Helicobacter suis Is Associated With Mortality in Parkinson's Disease

Front Med (Lausanne). 2019 Aug 28:6:188. doi: 10.3389/fmed.2019.00188. eCollection 2019.

Abstract

Helicobacter pylori has been implicated in the pathogenesis of Parkinson's disease (PD). Its eradication, in a randomized placebo-controlled trial, improved PD hypokinesia. Helicobacter species zoonosis might explain excess mortality from PD and non-Hodgkin lymphoma in livestock, but not arable, farmers. Indeed, Helicobacter is causally-associated with gastric lymphoma. We have previously shown that the relative-frequency, H. suis to H. pylori, was 10-times greater in 60 PD-patients than in 256 controls. We now go on to evaluate the pathological significance of H. suis, detected in gastric-biopsy DNA-extracts by ureA-based species-specific qPCR, validated by amplicon sequencing. The methodology had been cross-validated by a carR-based PCR. The pathological significance is put in context of H. pylori detection [urea-breath-test (UBT) with biopsy-culture, and, if negative, PCR], and the potential reservoir in pigs. Here, we explore, in these 60 PD-patients, associations of H. suis status with all-cause-mortality, and with orthostatic cardiovascular and blood profiling. H. suis had been detected in 19 of the 60 PD-patients on one or more occasion, only two (with co-existent H. pylori) being UBT positive.
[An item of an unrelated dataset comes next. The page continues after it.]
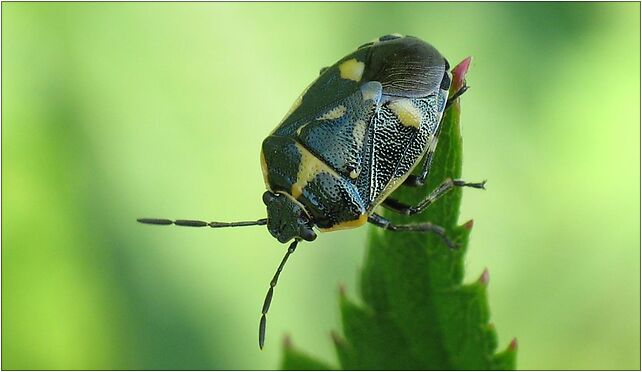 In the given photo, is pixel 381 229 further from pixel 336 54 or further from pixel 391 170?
pixel 336 54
We found that the hazard-of-death (age-at-diagnosis- and gender-adjusted) was 12 (95% CI 1,103) times greater (likelihood-ratio test, P = 0.005) with H. suis-positivity (6/19) than with negativity (2/40: one lost to follow-up). UBT-values did not influence the hazard. H. suis-positivity was associated with lower standing mean-arterial-pressure [6 (1, 11) mmHg], H. pylori-positivity having no effect. The lower total lymphocyte count with H. pylori-positivity [-8 (-1, -14) %] was not seen with H. suis, where T-cell counts were higher [24 (2, 52) %]. Regarding the potential zoonotic reservoir in the UK, Helicobacter-like-organism frequency was determined in freshly-slaughtered pigs, nature ascertained by sequencing. Organisms immunostaining for Helicobacter, with corkscrew morphology typical of non-H. pylori Helicobacter, were seen in 47% of 111 pig-antra. We conclude that H. suis is associated with all-cause-mortality in PD and has a potential zoonotic reservoir.

Keywords: Helicobacter pylori; Helicobacter suis; Parkinson's disease; all-cause mortality; pig reservoir.